# Stored data
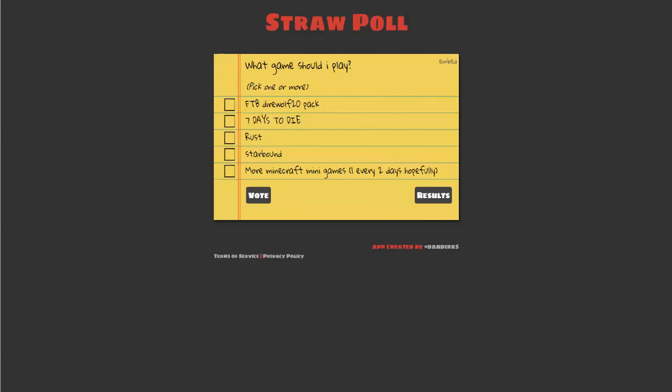We have Seven Days to Die. That is a Minecraft, I don't know, it's a new game. It's in like early alpha. But it's like a Minecraft, it's like realistic, I can't say realistic, but it's a Minecraft zombie survival game.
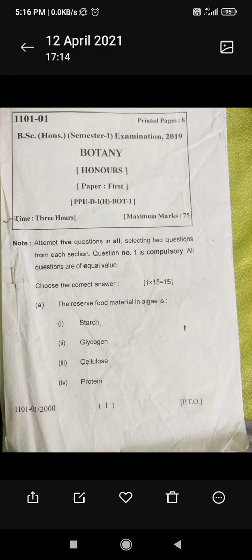Today I'm going to show you the BSc Botany Honours Part 1 question paper. I gave this exam in the year 2019. First, read the instructions nicely and then attempt the questions.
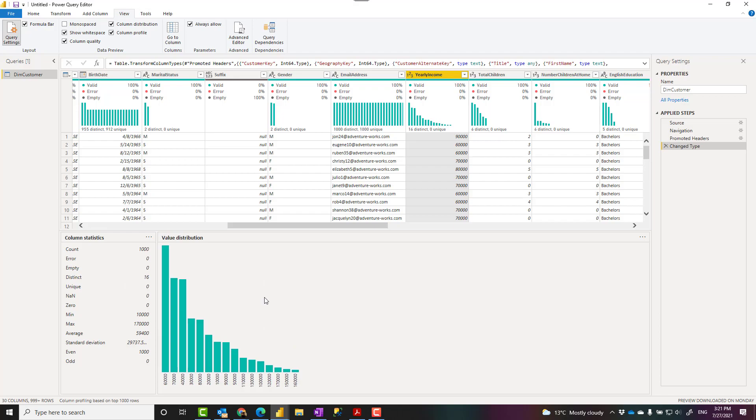In general, column profiling is a really key thing to do in any data analytics project. These features can help you to do that. I hope you enjoyed this video. If you like this video, go ahead and subscribe into our YouTube channel. We have weekly videos on Power BI. Thank you.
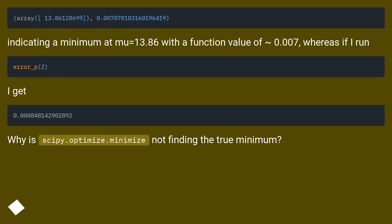Why is scipy.optimize.minimize not finding the true minimum?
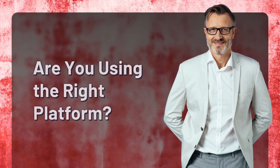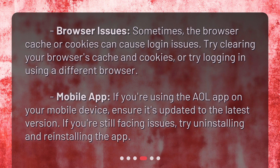Are you using the right platform? Browser issues: sometimes the browser cache or cookies can cause login issues. Try clearing your browser's cache and cookies, or try logging in using a different browser. Mobile app: if you're using the AOL app on your mobile device, ensure it's updated to the latest version. If you're still facing issues, try uninstalling and reinstalling the app.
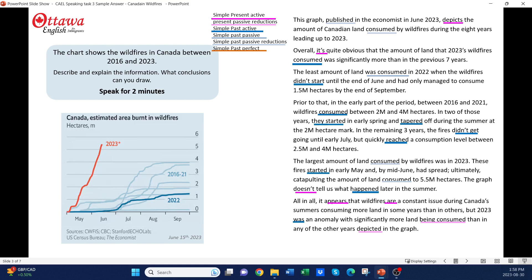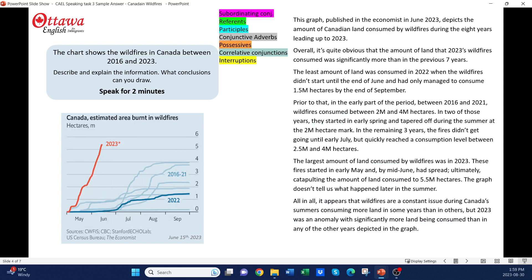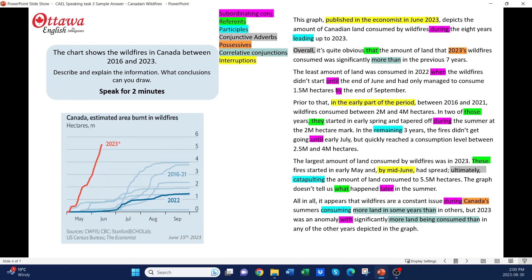The only other tense I've used is the past perfect to show the sequence of two past actions — in other words, the fire that occurred before September 2022 and the spread that happened before mid-June in 2023. For my sentence variety, I have subordinating conjunctions and referents throughout my response, showing the examiner that I'm very comfortable with complex sentences. I also have some participles and conjunctive adverbs. And finally, to show my comfort manipulating structures, I've used a couple of possessives and correlating conjunctions and interruptions.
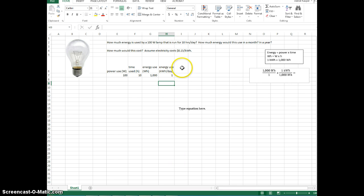Okay, and that's how you calculate the energy use of any electronic appliance over the course of one day.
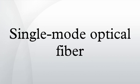For these reasons, single-mode fibers can have a higher bandwidth than multi-mode fibers.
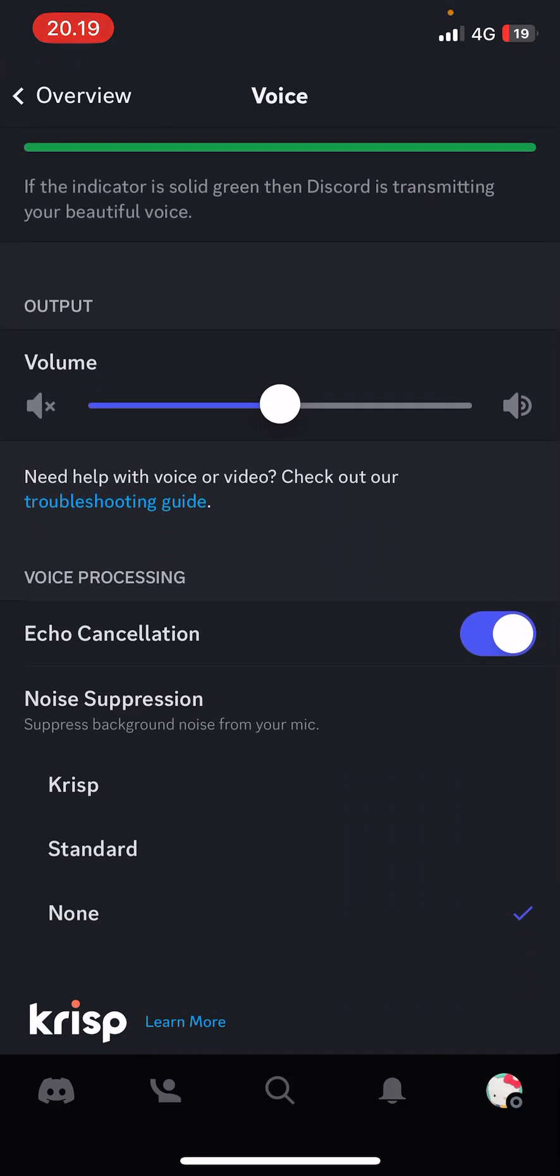You have the standard one and you have the crisp, and people usually select the crisp one.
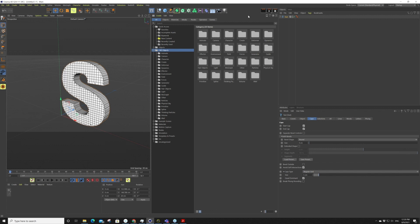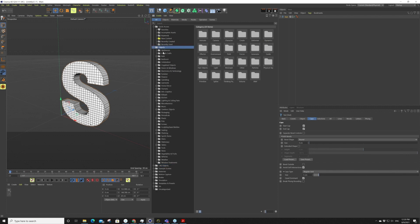Before, I always had to tell my students to make sure to download this on your computer so you have it all. But now it's all in the cloud, so you only have to download the elements that you need, which I think is wonderful. So let's go to Objects.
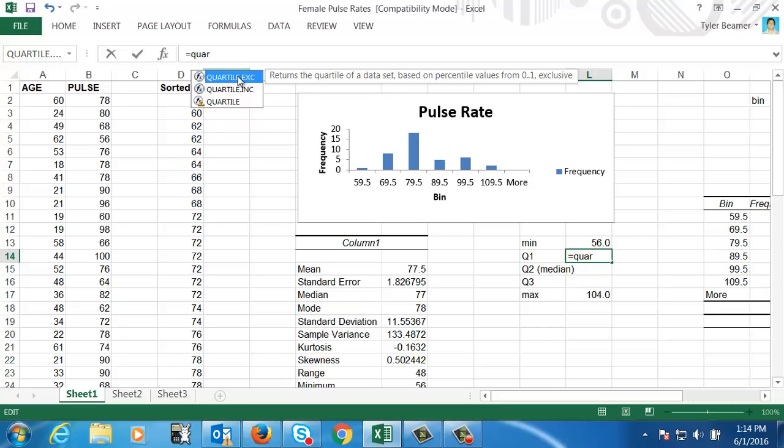I think the best way to do quartile is with the quartile exclusive. And it gives you a little description here to the right. Returns the quartile of a dataset based on percentile values from zero to one exclusive. So basically it's going to exclude the median when it's finding the first and the third quartile. I think for industry standards, that's probably the best practice. However, you also have inclusive, which would include the mean when finding quartiles. So I would say for this class, we would do exclusive here.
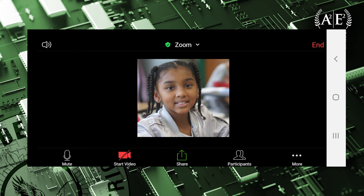Once in the room, I would like to draw your attention to the tools at the bottom of the window. These tools are essential for your student to actively participate. First, on the far left is the audio icon. This is used to mute or unmute your device.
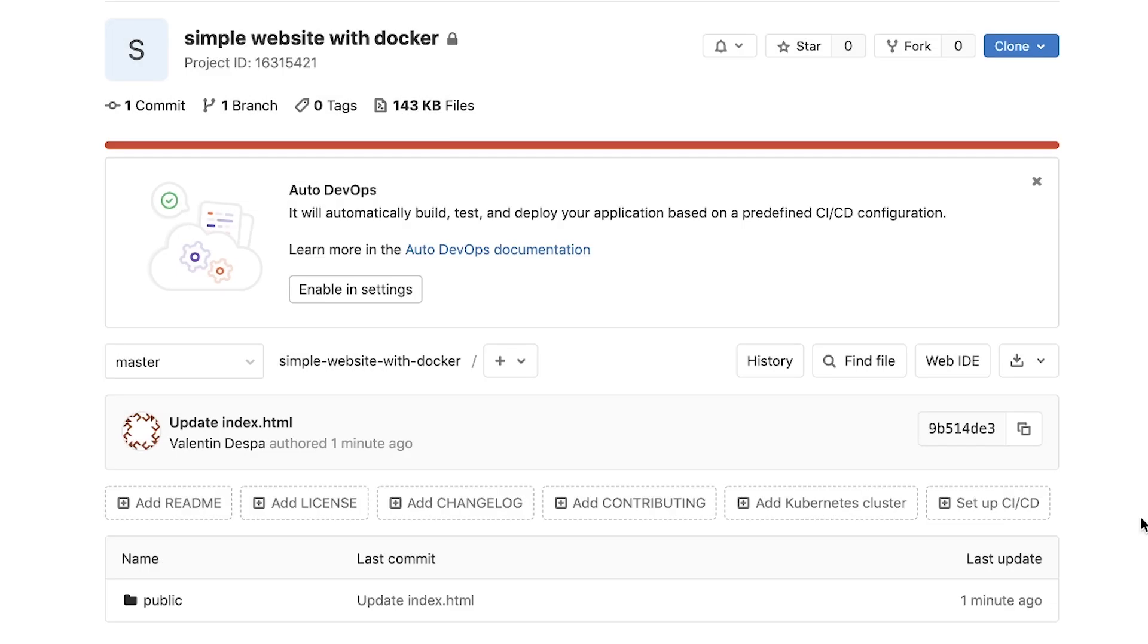Hey there, this is Valentine and welcome to this tutorial where I will show you how you can publish a Docker image from GitLab CI. And I'm going to use the built-in container registry that GitLab offers.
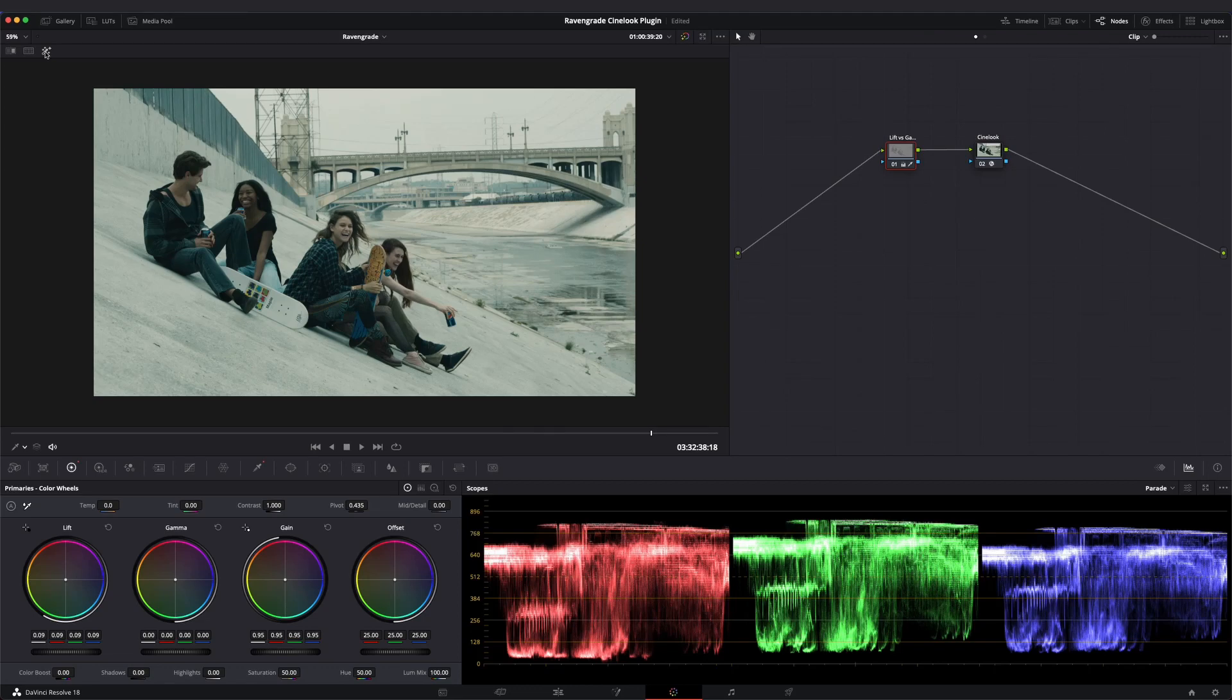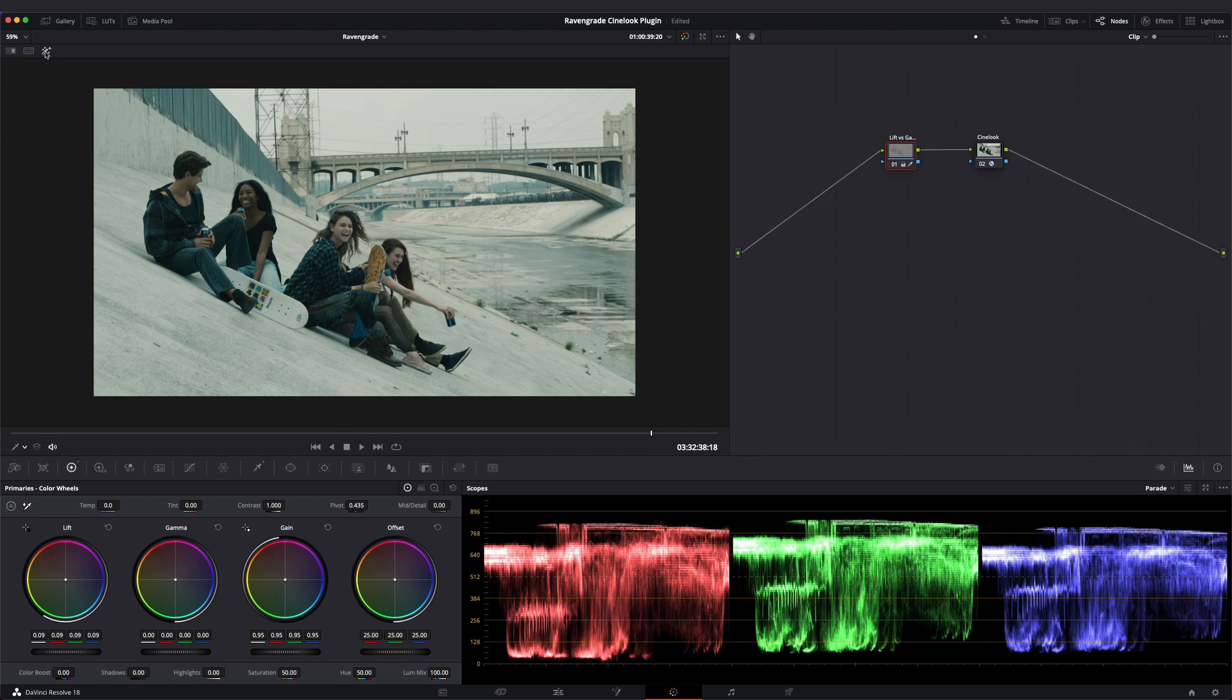In this video, we'll look at how the volume control in the Raven Grade CineLook plugin can create texture in your shadows. It can be difficult to reveal details in shadows while also maintaining a good overall contrast level when using lift or log shadow controls.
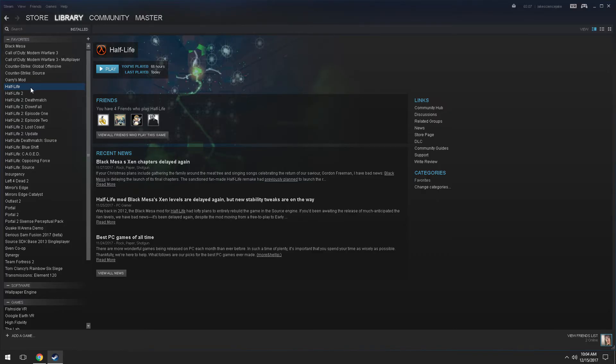First of all, start off by actually owning Half-Life in your Steam library. You must run Half-Life in windowed mode — I'm running it in windowed mode for the virtual reality mod. If you run it in full screen, when you press escape to go to the menu of Half-Life, it's going to give you all kinds of strange bugs. It's not going to look very nice, so make sure you are running Half-Life in windowed mode.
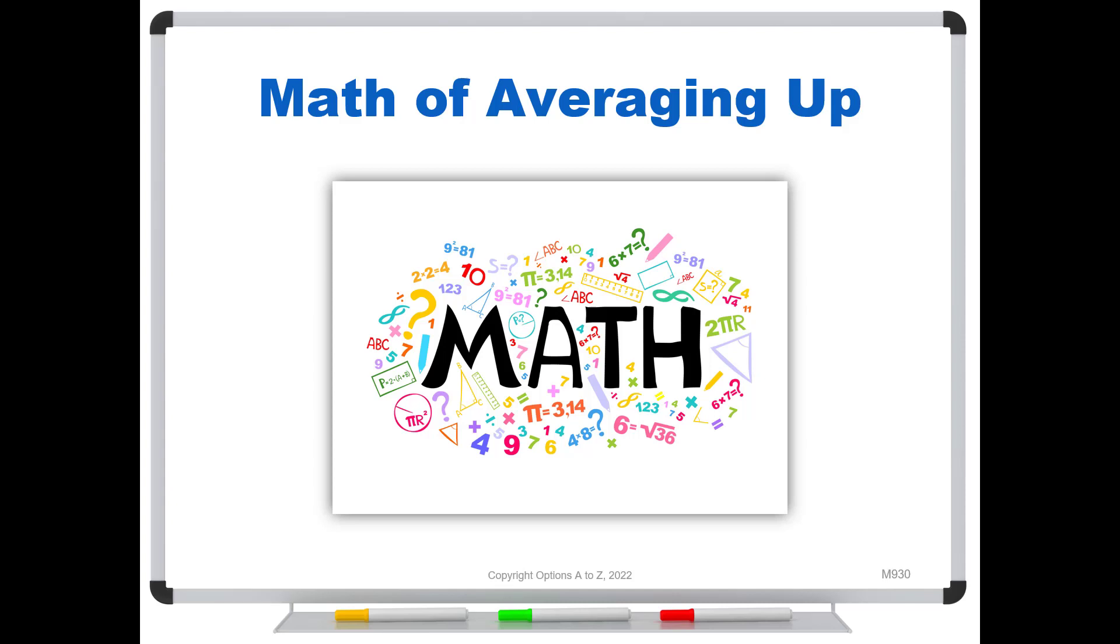And welcome back once again, Options Traders. I wanted to talk a little bit about the math of averaging up.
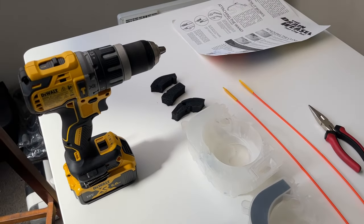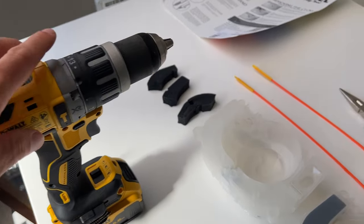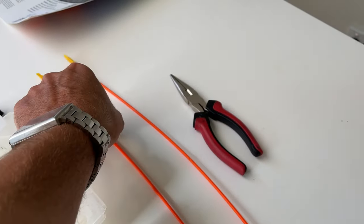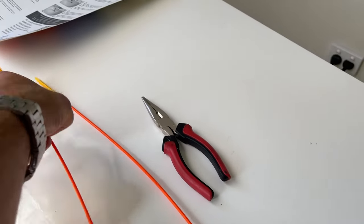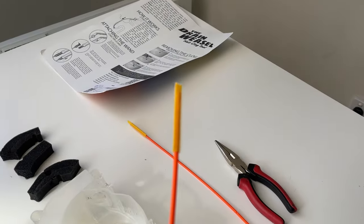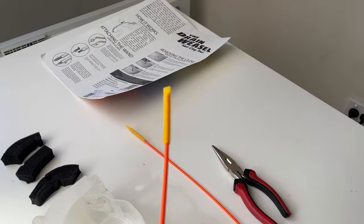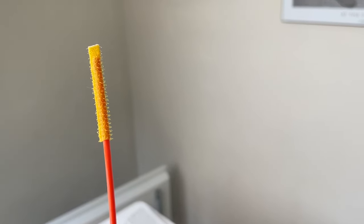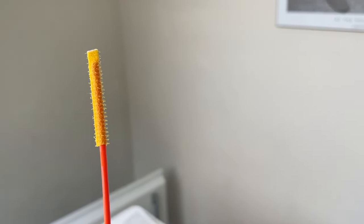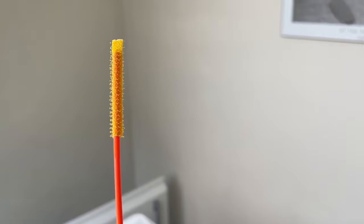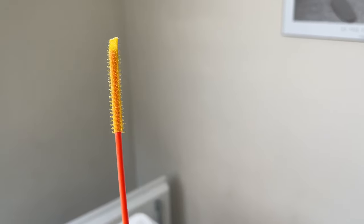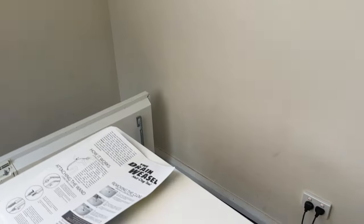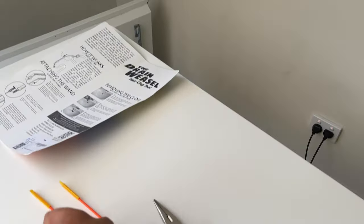So what we're going to need is a drill, these things here, which are called drain weasels, and I'll see if I can zoom in on that, and you can see the end of the drain weasel has little velcro hooks on the end of it. We're going to use that to grab the foam through the holes.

# PROBLEM DETAILS
Each line above should be returned exactly as written, apart from any pictures.

# ANSWER SECTION
We have Seven Days to Die. That is a Minecraft, I don't know, it's a new game. It's in like early alpha. But it's like a Minecraft, it's like realistic, I can't say realistic, but it's a Minecraft zombie survival game.
Today I'm going to show you the BSc Botany Honours Part 1 question paper. I gave this exam in the year 2019. First, read the instructions nicely and then attempt the questions.
In general, column profiling is a really key thing to do in any data analytics project. These features can help you to do that. I hope you enjoyed this video. If you like this video, go ahead and subscribe into our YouTube channel. We have weekly videos on Power BI. Thank you.
Why is scipy.optimize.minimize not finding the true minimum?
Are you using the right platform? Browser issues: sometimes the browser cache or cookies can cause login issues. Try clearing your browser's cache and cookies, or try logging in using a different browser. Mobile app: if you're using the AOL app on your mobile device, ensure it's updated to the latest version. If you're still facing issues, try uninstalling and reinstalling the app.
The only other tense I've used is the past perfect to show the sequence of two past actions — in other words, the fire that occurred before September 2022 and the spread that happened before mid-June in 2023. For my sentence variety, I have subordinating conjunctions and referents throughout my response, showing the examiner that I'm very comfortable with complex sentences. I also have some participles and conjunctive adverbs. And finally, to show my comfort manipulating structures, I've used a couple of possessives and correlating conjunctions and interruptions.
Okay, and that's how you calculate the energy use of any electronic appliance over the course of one day.
For these reasons, single-mode fibers can have a higher bandwidth than multi-mode fibers.
You have the standard one and you have the crisp, and people usually select the crisp one.
Before, I always had to tell my students to make sure to download this on your computer so you have it all. But now it's all in the cloud, so you only have to download the elements that you need, which I think is wonderful. So let's go to Objects.
I think the best way to do quartile is with the quartile exclusive. And it gives you a little description here to the right. Returns the quartile of a dataset based on percentile values from zero to one exclusive. So basically it's going to exclude the median when it's finding the first and the third quartile. I think for industry standards, that's probably the best practice. However, you also have inclusive, which would include the mean when finding quartiles. So I would say for this class, we would do exclusive here.
Once in the room, I would like to draw your attention to the tools at the bottom of the window. These tools are essential for your student to actively participate. First, on the far left is the audio icon. This is used to mute or unmute your device.
Hey there, this is Valentine and welcome to this tutorial where I will show you how you can publish a Docker image from GitLab CI. And I'm going to use the built-in container registry that GitLab offers.
In this video, we'll look at how the volume control in the Raven Grade CineLook plugin can create texture in your shadows. It can be difficult to reveal details in shadows while also maintaining a good overall contrast level when using lift or log shadow controls.
First of all, start off by actually owning Half-Life in your Steam library. You must run Half-Life in windowed mode — I'm running it in windowed mode for the virtual reality mod. If you run it in full screen, when you press escape to go to the menu of Half-Life, it's going to give you all kinds of strange bugs. It's not going to look very nice, so make sure you are running Half-Life in windowed mode.
And welcome back once again, Options Traders. I wanted to talk a little bit about the math of averaging up.
So what we're going to need is a drill, these things here, which are called drain weasels, and I'll see if I can zoom in on that, and you can see the end of the drain weasel has little velcro hooks on the end of it. We're going to use that to grab the foam through the holes.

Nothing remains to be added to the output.